*PROBLEM STATEMENT:* With the pictures left out, reproduce exactly the lines running from the line with "lovexee nacktheit pornostar bild" to the last line of the material below.

*DATASET CONTENT:*
■ ■ ■ ■ ■ ■ ■

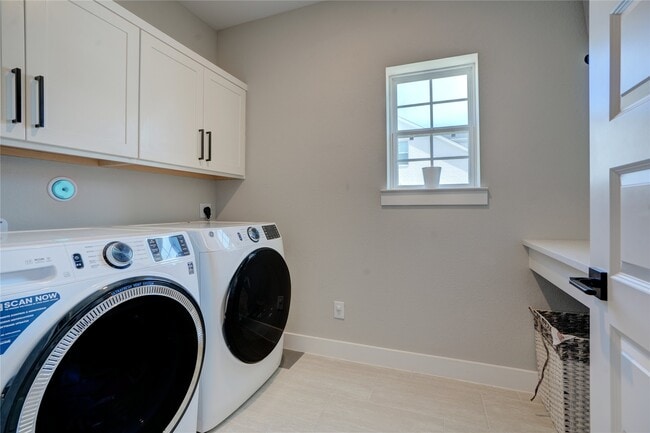 3603 Kensington Gdns Ln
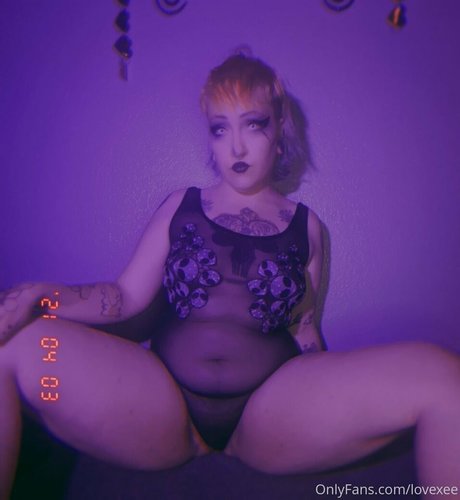 lovexee nacktheit pornostar bild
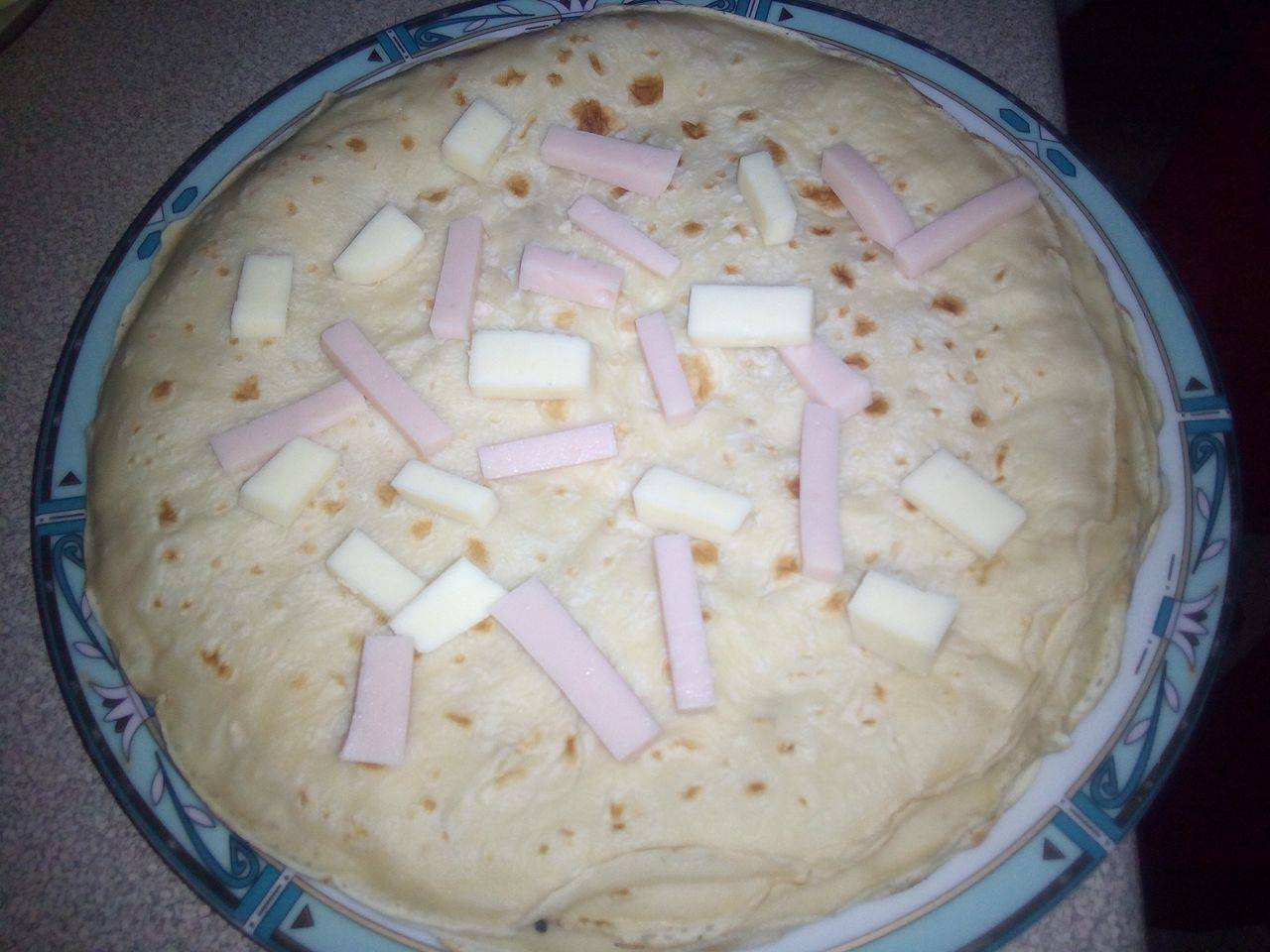 Clatite umplute cu cascaval si sunca de pui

■ ■ ■ ■ ■ ■ ■

*EXERCISE SOLUTION:*
 lovexee nacktheit pornostar bild
 Clatite umplute cu cascaval si sunca de pui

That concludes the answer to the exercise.